Let me ask, when someone has “shot down your idea” or “killed the lights” should they be arrested? When you walk around like a “ticking time bomb,” “blow up” emotionally, or argue intently with both “barrels loaded” are you now a terrorist?

And what’s to do with all those toddlers and their newly redefined questionable “meltdowns”?   Is it now our civic duty to file charges when someone “jumps down your throat,” “pulls your leg,” “knocks your socks off,” “drops a bomb on your head” or “chews you out?”  Do we send a stand-up comic who “bombs” onstage to Gitmo?  And, me-oh-my, what to do about something called the parent “trigger” law!   It becomes overwhelming to think about all these words!  Sometimes it feels like my head will “explode.”  Oh, “shoot”… can’t say that no more either.

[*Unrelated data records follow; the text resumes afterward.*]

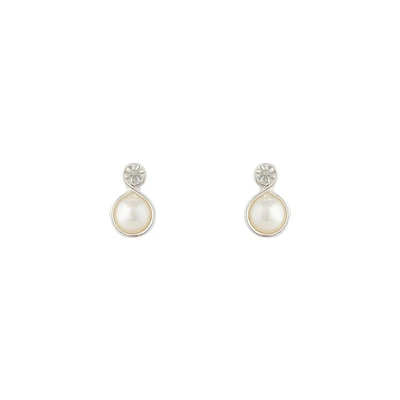 Silver Pearl Bottom Diamante Stud Earrings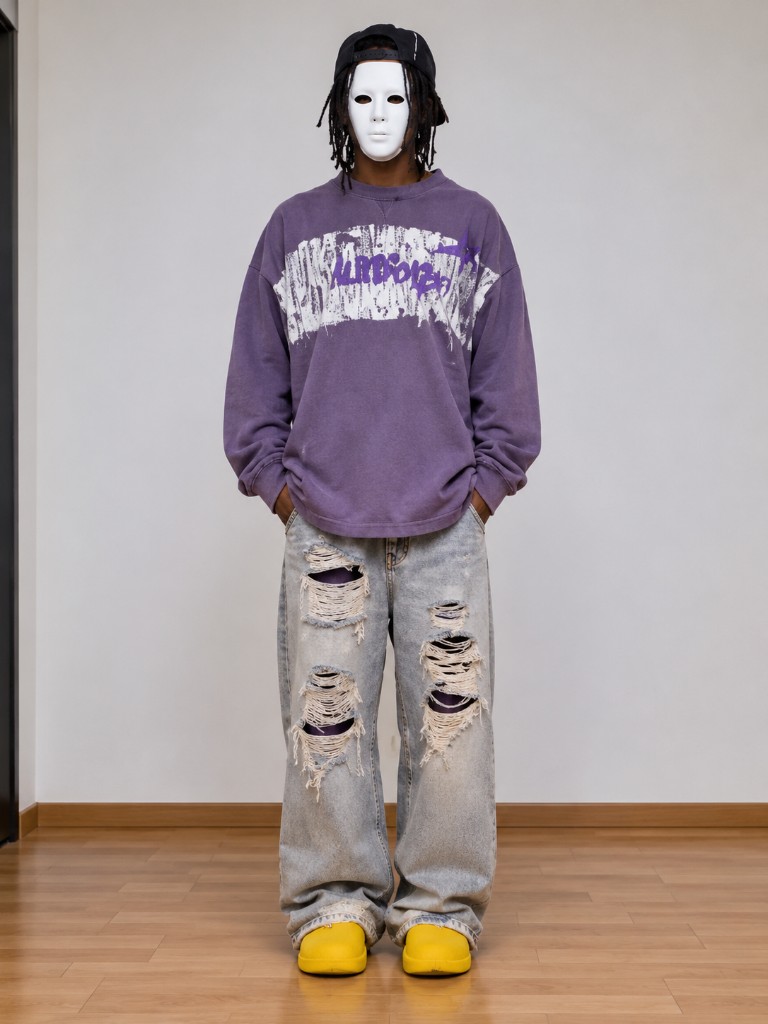 Sample portrait of a dancer in a purple sweatshirt, ripped jeans, and yellow shoes. Not a customer upload.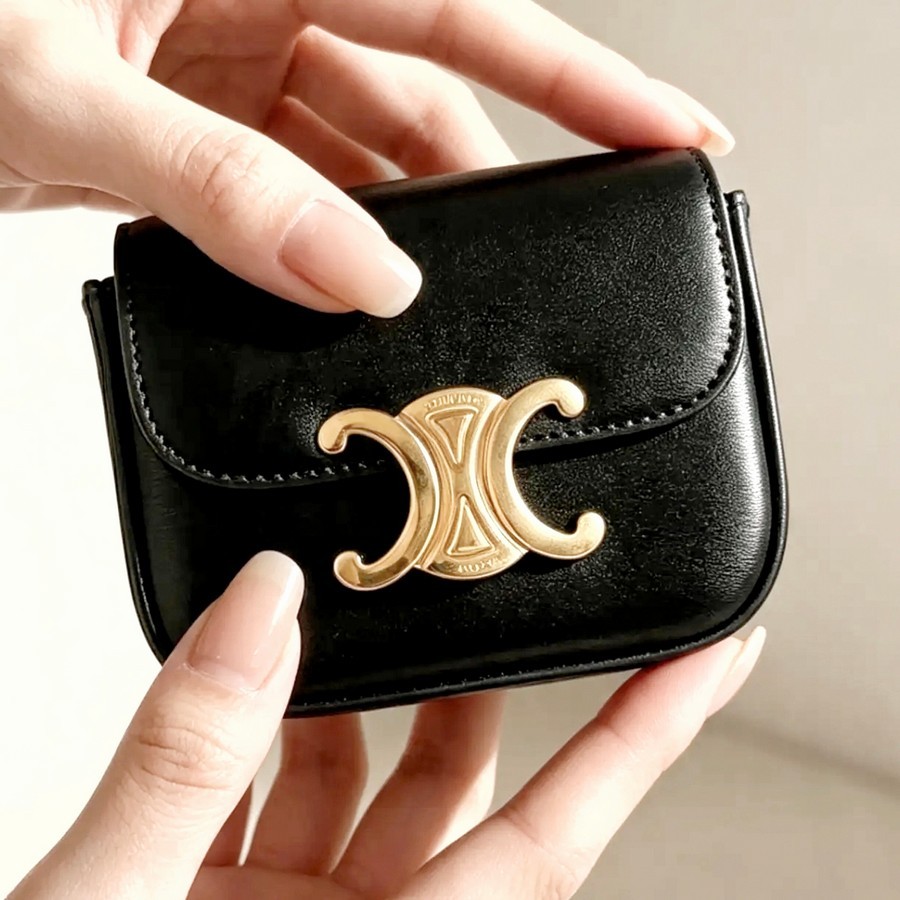 Celine Mini Triomphe Black Shiny Calf Leather with Gold Hardware #GUUYK-1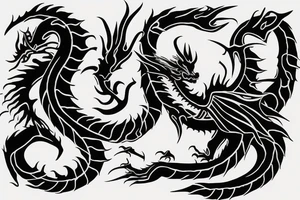Black dragon with psychology symbol tattoo idea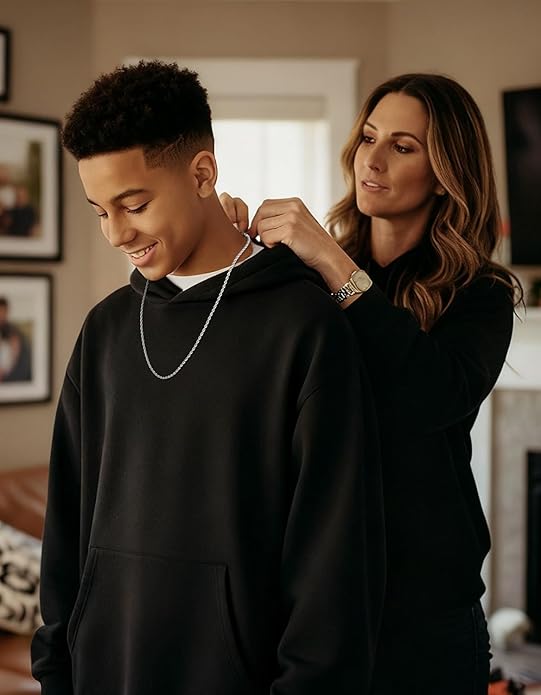 KRKC&CO Rope Chain Necklace for Men, Packaging with Gift Box & Card on Birthday from Mom Dad, 18K / White Gold Plated Chains, Hypoallergenic 316L Stainless Steel, Durable Men Jewelry, 3mm 16-26in
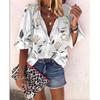 Camisa informal con cuello alto y flores de talla grande a la moda de primavera transfronteriza entre Europa y Estados Unidos.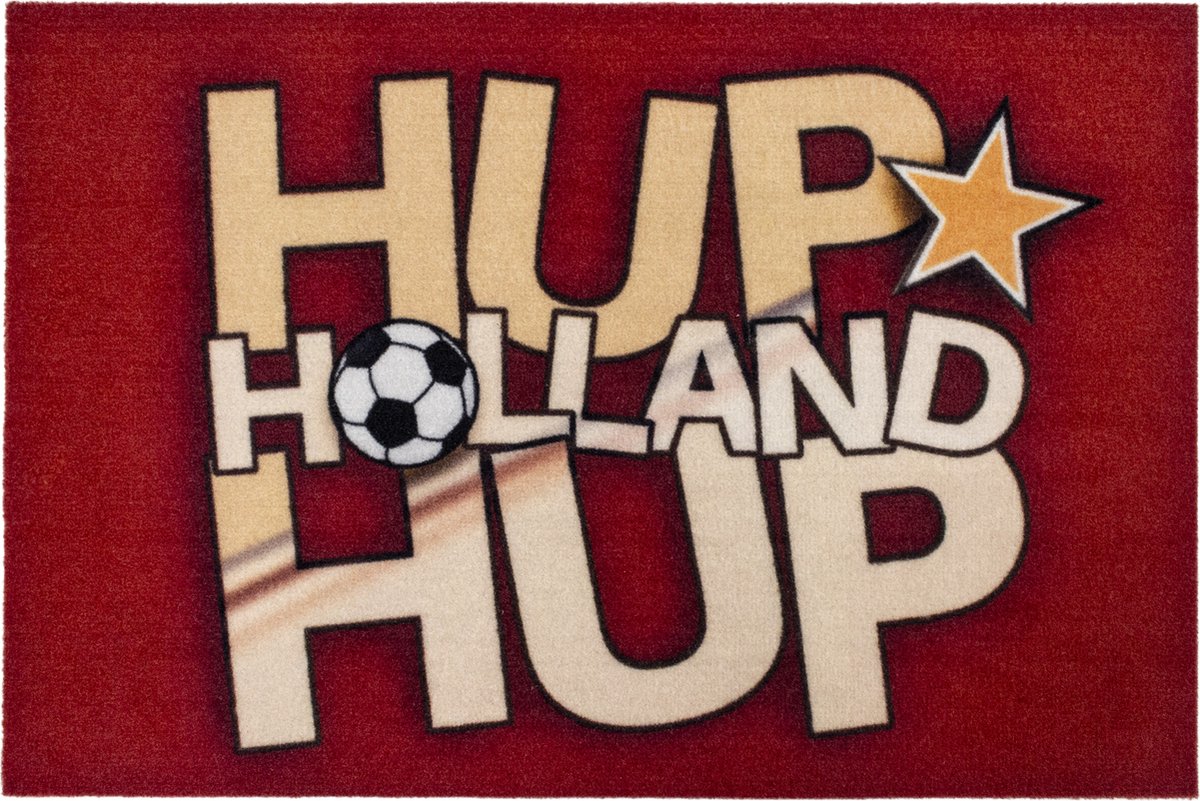 WK 2022 Deurmat binnen Nederland – Studio M – WK Voetbal – Droogloopmat binnen – 40x60 cm – Hup Holland Hup – Rood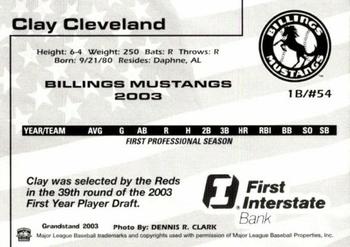 2003 Grandstand Billings Mustangs #NNO Clay Cleveland Back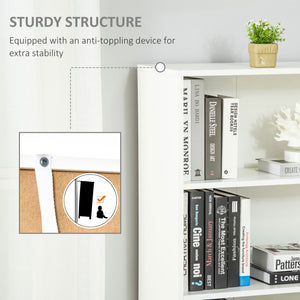 4-Tier Open Bookcase with Doors, White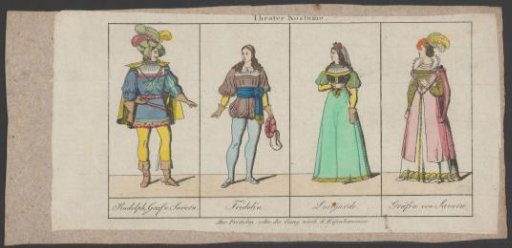Four theater costumes from the play Fridolin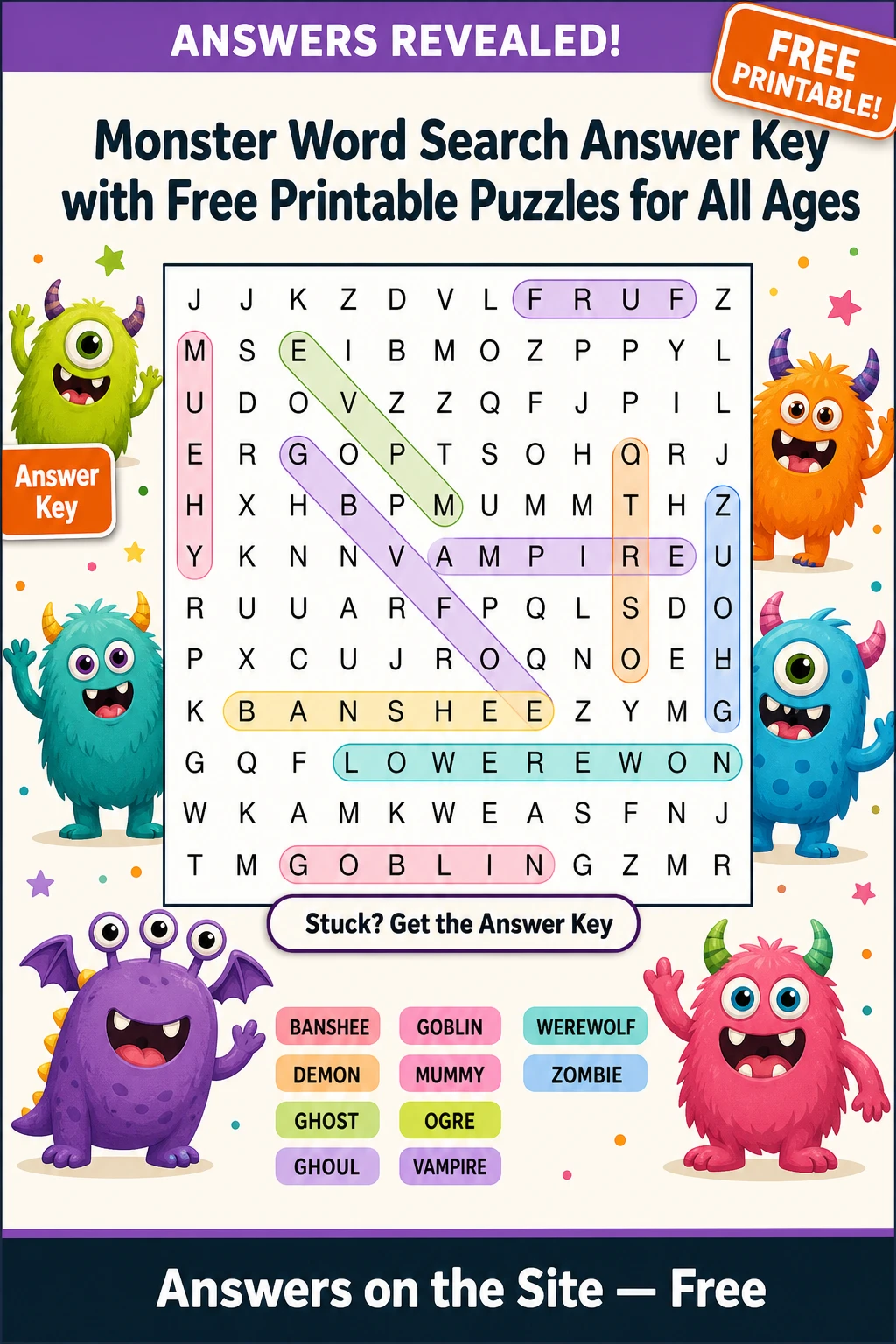 Monster Word Search Answer Key with Free Printable Puzzles for All Ages
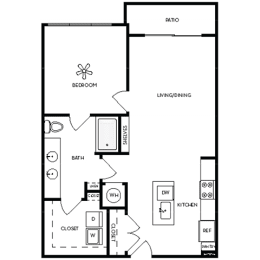 a floor plan of a room with a bedroom and a bathroom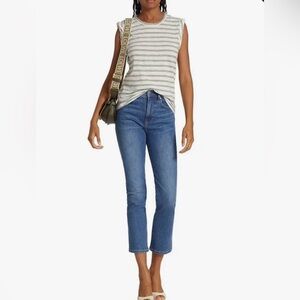 Veronica Beard XS Dree Striped Muscle Tee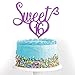 Purple Glitter Sweet 16 Cake Topper, 16th birthday Party Decorations,Sweet Sixteen Birthday Party Sign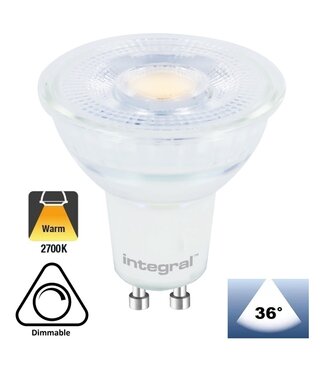 GU10 LED Spot 3,6w, 400 Lumen, 2700K Warm Wit, Glas, Dimbaar, Lichthoek: 36°,  2 Jaar Garantie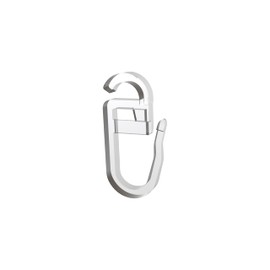 Interdeco Folding Hooks with Flat Eyelet, Clip Over Hooks for Curtain Rod Rings, Plastic in Crystal Clear (Pack of 10)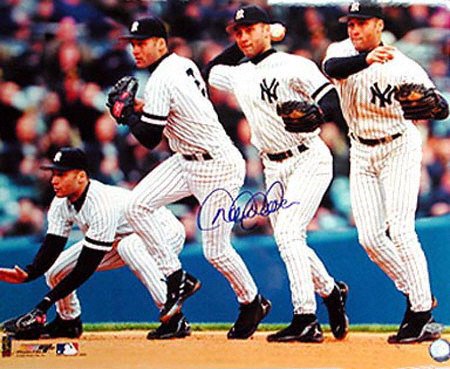 Derek Jeter New York Yankees - Fielding - 16x20 Autographed Collage Photograph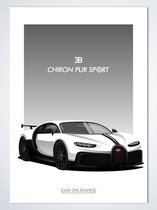Bugatti Chiron Pur Sport Wit - Autoposter | Kinderkamer | Slaapkamer | Kantoor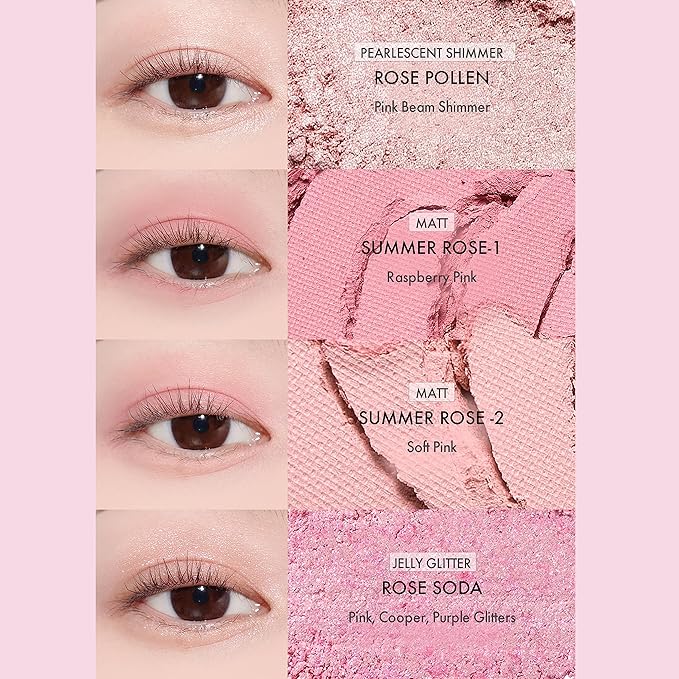 Amuse SEOUL Eye Color Palette 02 COOL ROSE | rose tones | Soft shading, makeup variety of textures, sensuous, vibrant layering, cruelty-free, eco-friendly, vegan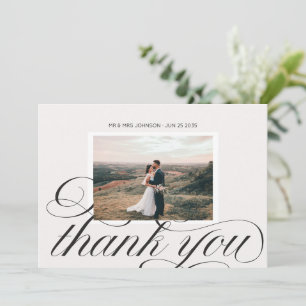Elegant Stylish Calligraphy Wedding 1 Photo Thank You Card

We must remember that the American lexicon is laced with rich, juicy idioms, phrases that string together a lot of out-of-context words mumbled and jumbled to connote meaning… but they are merely words, a lot of sound and no fury that signify one thing: if we allow ourselves to be sucked up into this insanity we will find ourselves being “driven up the wall” with ultimately “no leg to stand on” as the rug continues to be pulled out from underneath mere idioms and expression.

This is what’s happening. This is exactly what Mrs. Obama promised of her husband in May, 2008 in his first bid for the presidency when she said, “Barack knows that we are going to have to make sacrifices; we are going to have to change our conversation; we’re going to have to change our traditions, our history; we’re going to have to move into a different place as a nation.”

How do you change the conversation?  Change the words.  How do we change our traditions?  Change their meanings of those words.

Don’t like this?  Then, sound the alarms but please, don’t “shoot” the messenger.